I’d been watching the post like a hawk, praying for my acceptance letter to Oxford. If I didn’t get in, I didn’t know what I was going to do. I just wanted to get the hell away from STAGS, to be with Shafeen and Nel if they got in, in a world of sanity. I wondered if the Abbot knew something I didn’t, that my Oxford letter had finally come, but what did that have to do with Acre Wood?
This being STAGS, the sixth-form Common Room had a whole wall of these little pigeonholes for post, with small brass letters of the alphabet screwed onto them. I looked in M for MacDonald and, sure enough, there was a stiff cream envelope with my name handwritten on the front. As I slid it out there was no Oxford postmark to be seen, no University of Oxford franking stamp. In fact, there was no stamp of any kind.
I turned the envelope over and saw a wax seal. Memory made my heart begin to thud. Not because I recalled that long-ago invitation slipped under the door of my room. But because I remembered a letter at Cumberland Place, a letter that was so dangerous it had to be burned.
For this wax was not the blood red of the STAGS stockings and the Longcross dog rose. It was a more orangey, rusty red. And the imprint on the wax was not a pair of antlers, but a face.
A pointy animal face.
A face that belonged to a fox.
I broke the seal and this is what I read:
Greer,
We bear you no ill will, even though you foiled our own particular Gunpowder Plot. You should not blame yourself for not uncovering us sooner – you made a mistake, but you are in good company. That same mistake was first made by a king.
When James I heard about the first Gunpowder Plot he was actually out hunting. His response, when he heard his assassin’s name was Fawkes, was, ‘I have known a king to hunt a fox, but never a fox to hunt a king.’ So you see, he got the name wrong too.

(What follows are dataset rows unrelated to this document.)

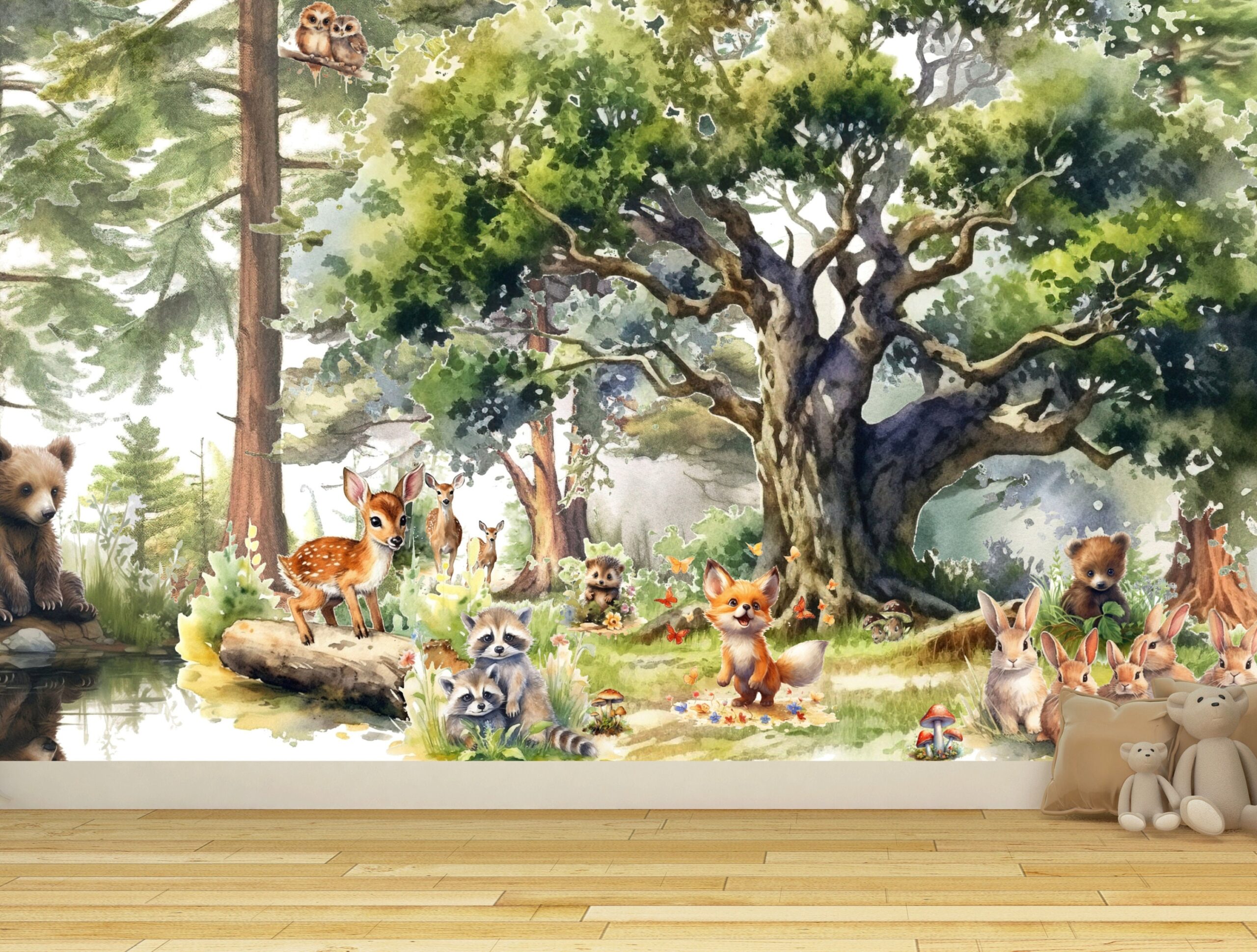 Wallpaper animals Trees, Peel and Stick, Kids Wall Mural Self Adhesive, Nursery Mountain Decor Forest DecalWall Child Room Forest Wallpaper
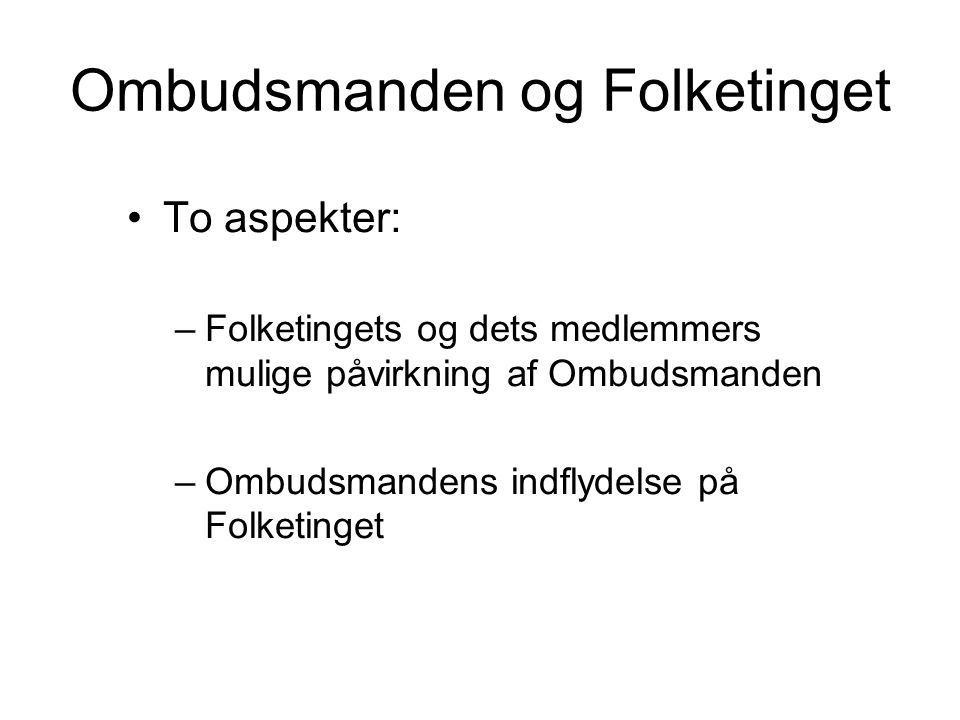 Ombudsmanden og Folketinget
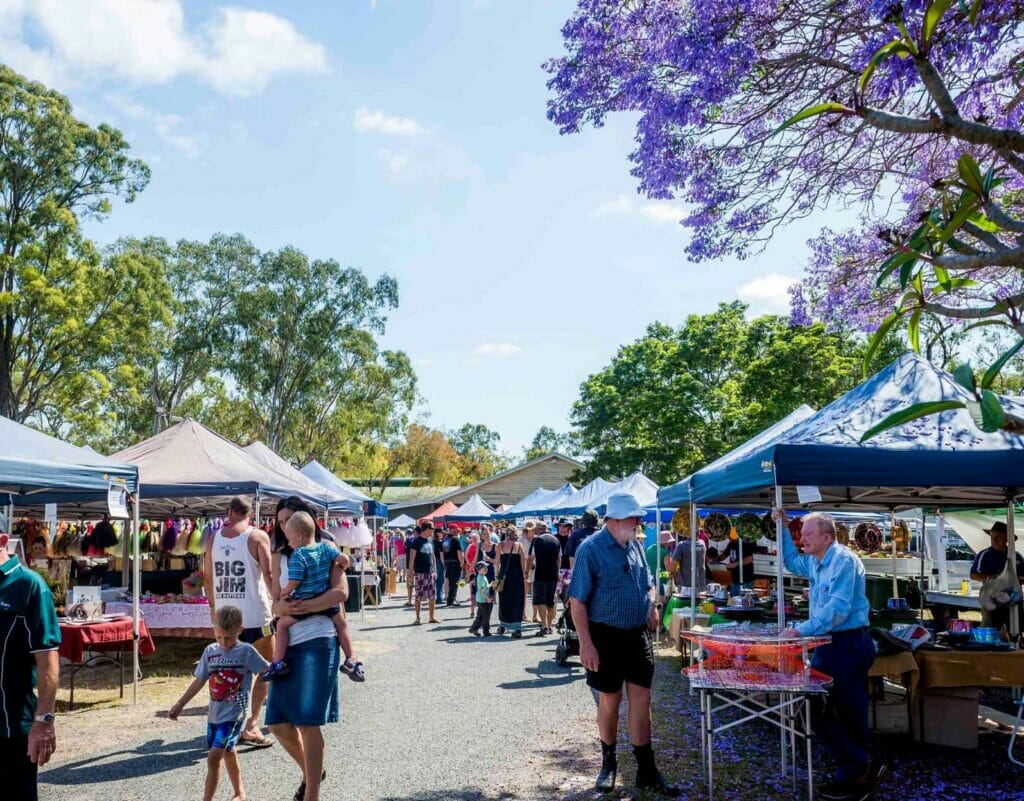 A busy market day at the Calliope River Historical Village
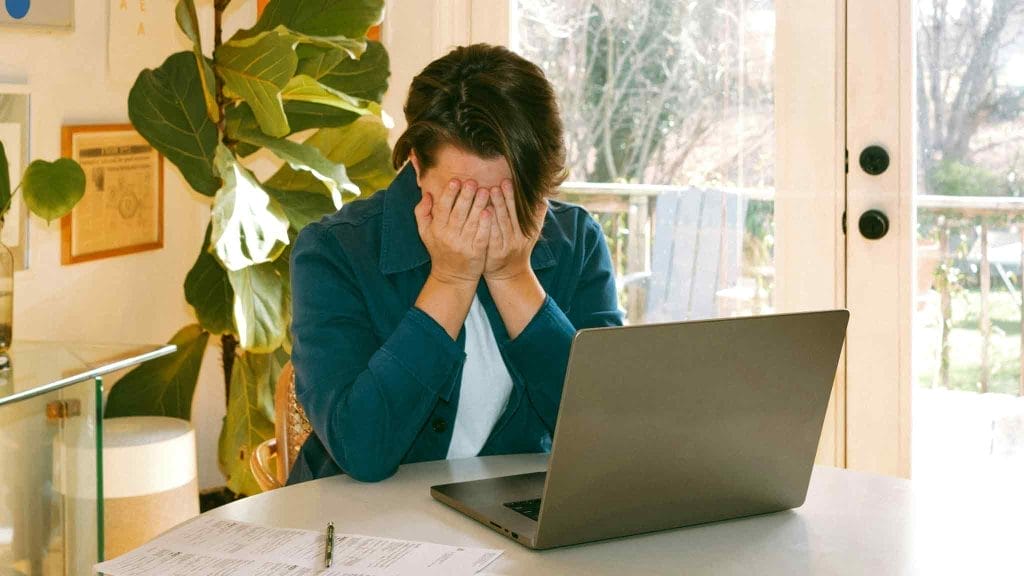 Burnout Woman Working at desk from home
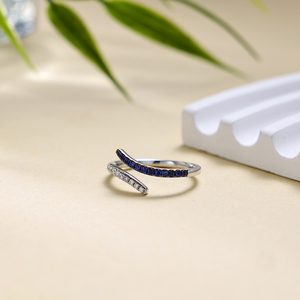 Anillos de Compromiso Clásicos de Oro Sólido de 14K con Zafiro y Baño de Rodio para Mujer, Joyería de Lujo Personalizada para Fiestas - Product Image 2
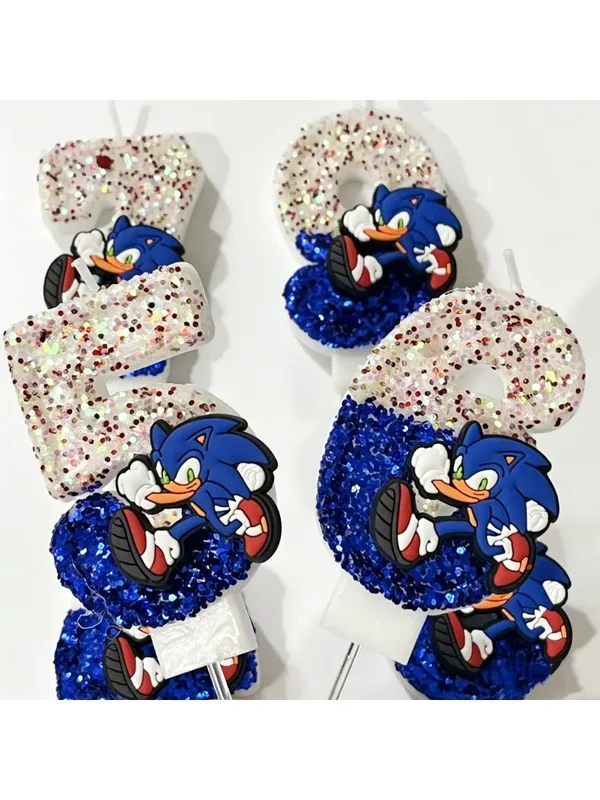 AliExpress - Blaue S-o-n-i-c Kerzen mit Zahlen 0 bis 9, Kinder-Geburtstagstorten-Dekorationen, Kuchen-Ornamente, Babyparty-Geschenke, Spielzeug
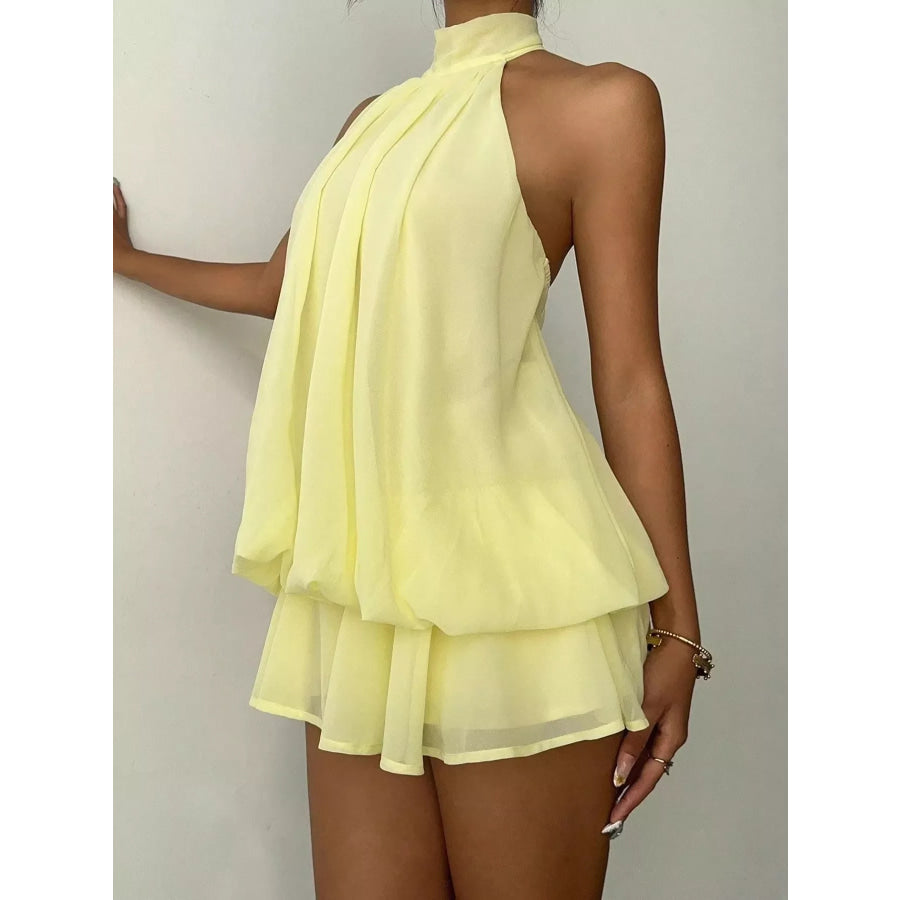 Halter Neck Ruched Mini Dress Yellow / XS Apparel and Accessories
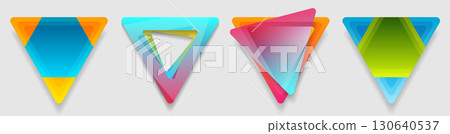 Colorful abstract geometric triangles stickers with layered gradients 130640537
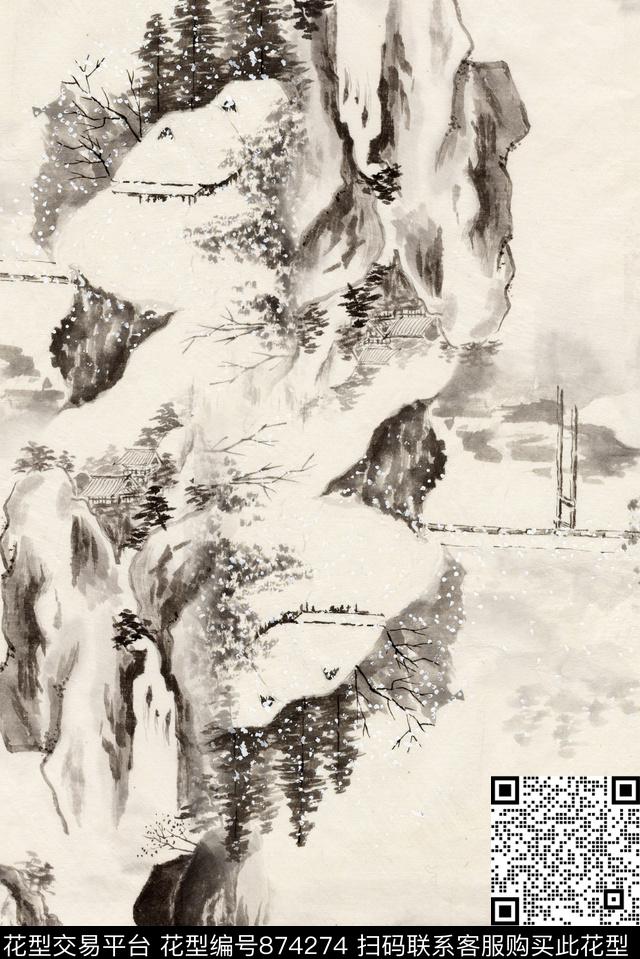 水墨山水-1.jpg - 874274 - 水墨 山水 树木 - 数码印花花型 － 女装花型设计 － 瓦栏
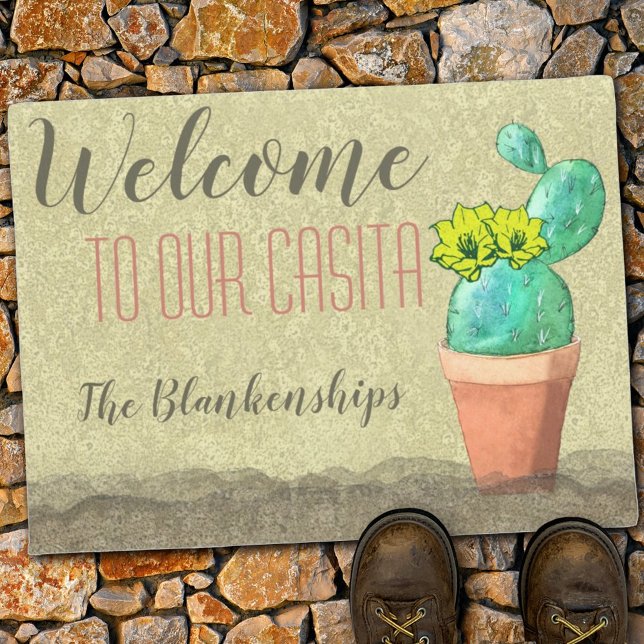 Cactus WELCOME Doormat van de Waterverf van het zu Deurmat (Creator heeft geüpload)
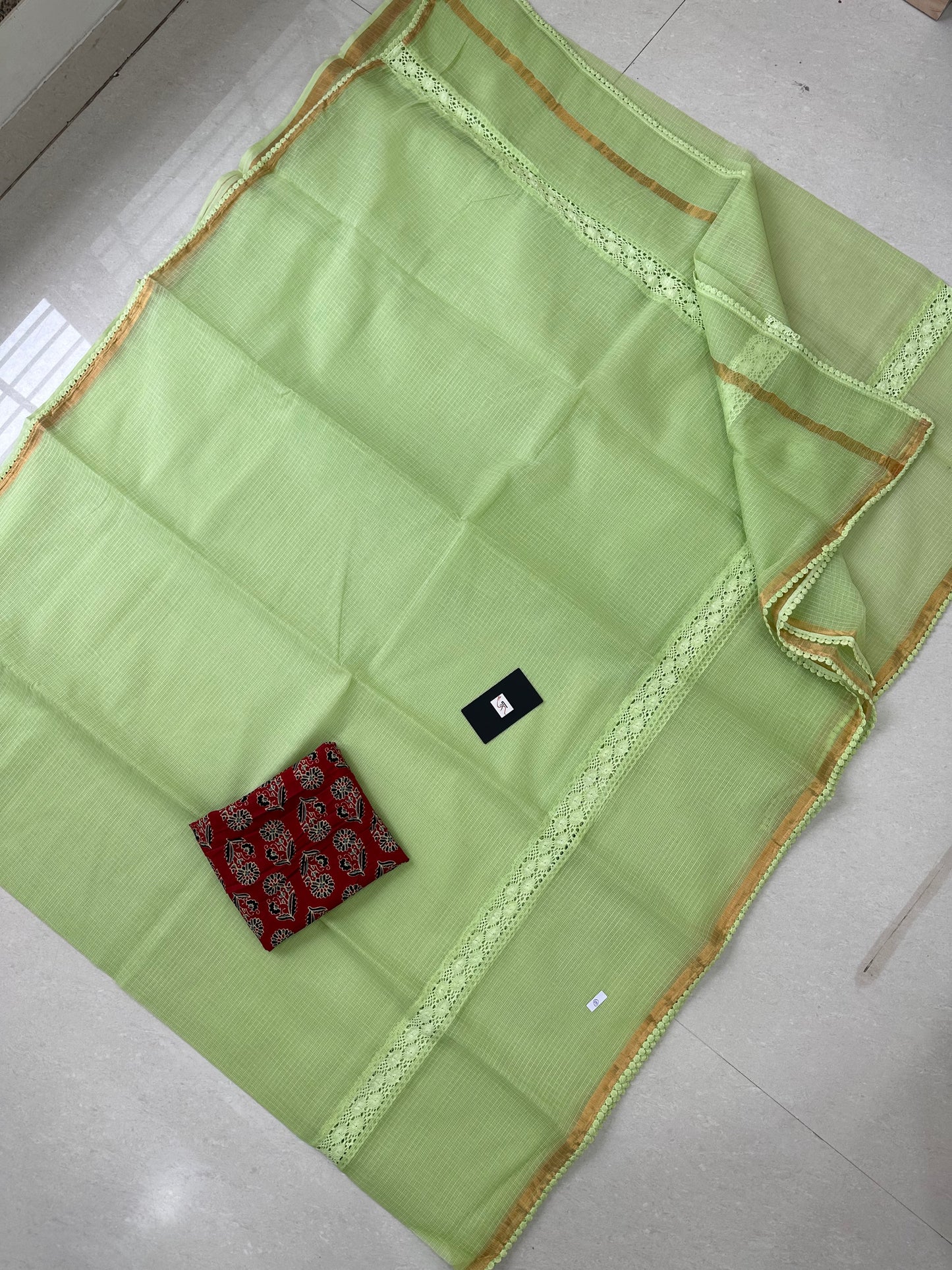 Pure Single Dyed Kota Cotton Doria Saree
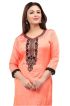 Nylon Silk Peach Color with Black Embroidered Neck Short Kurti with Full Sleeves for Casual Wear Sizes S to XL Manufacturers  in Delhi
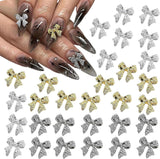 30 lazos de metal para uñas, lazos dorados, plateados y grises, accesorios para uñas, decoraciones de uñas para mujeres y niñas, diseño de uñas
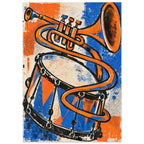 Orange trumpet with looping tubing above a blue and orange drum, with distressed black outlines on a cream background.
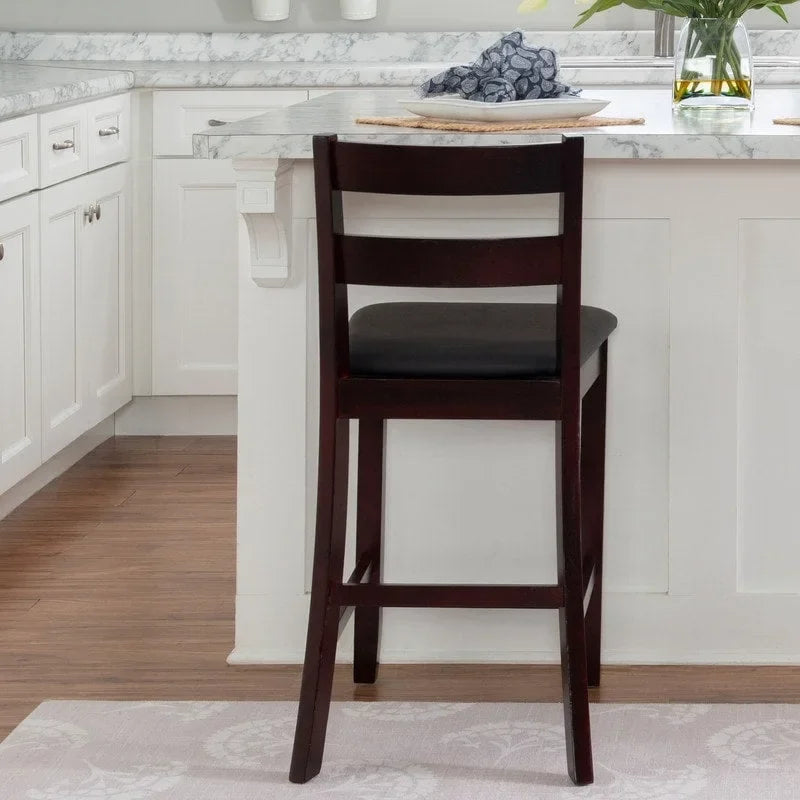 Espresso Wood Counter Stool with Vinyl Padded Seat – 24" Seat Height, 275 lb Capacity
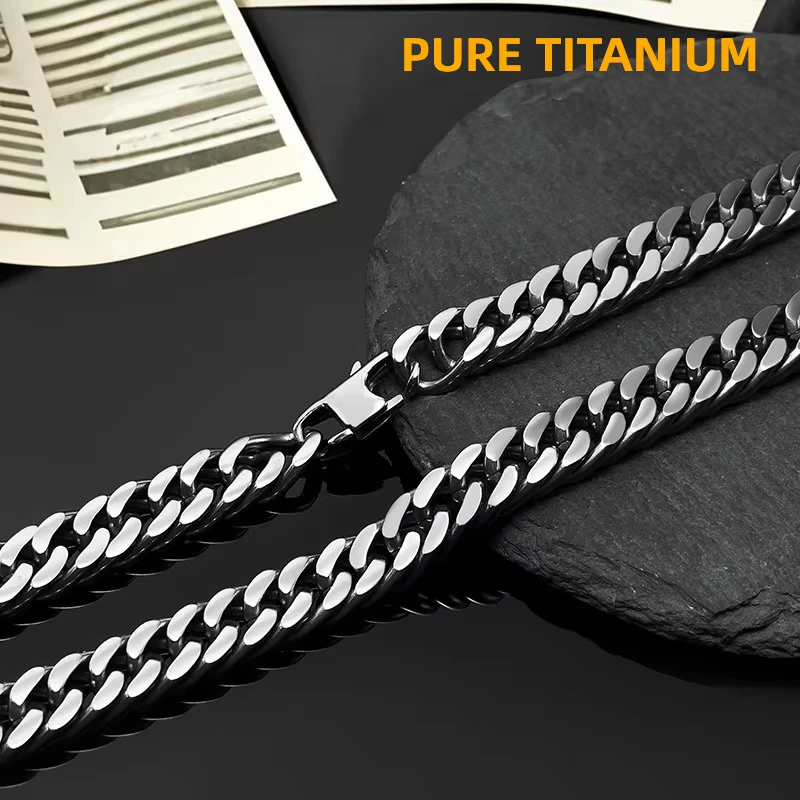 Fashion 7mm/9.5mm Width Pure Titanium Necklace Bracelet Double Weave Whip Chain for Men Women No Rust No Allergy Hip Hop Chains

Ever since then there has been an underground movement – the sons and daughters of those thirteen gunpowder plotters – who have been fighting against the Establishment. We have multiple branches, and myriad names. But mostly we have assumed the title James I gave us when he mistook the name of our leader. You see, it seemed to encapsulate the careless, cavalier way those with power treat those without. Did James ever bother to learn Guy Fawkes’s true name, even when he was hanged, drawn and quartered? Probably not. And because of this, that mistake became our name.
The FOXES.
If they don’t know who we are, Greer, they never see us coming.
The Order of the Stag has been our most ancient foe. This time you saved their hides, but we feel, most strongly, that in your heart you might be more of a Fox than a Stag. We have pledged to bring down the corrupt Establishment, to fight inequity, to smash the patriarchy. The fox is our emblem, a sigil of the fightback, the hunted turning to bite the hunter, the uneatable pursuing the unspeakable. Like the Order of the Stag, we have a leader, an opposite number to their Grand Stag. And, just the same, that title is passed from generation to generation. It is a name you know well, and it is the one with which I will sign this letter.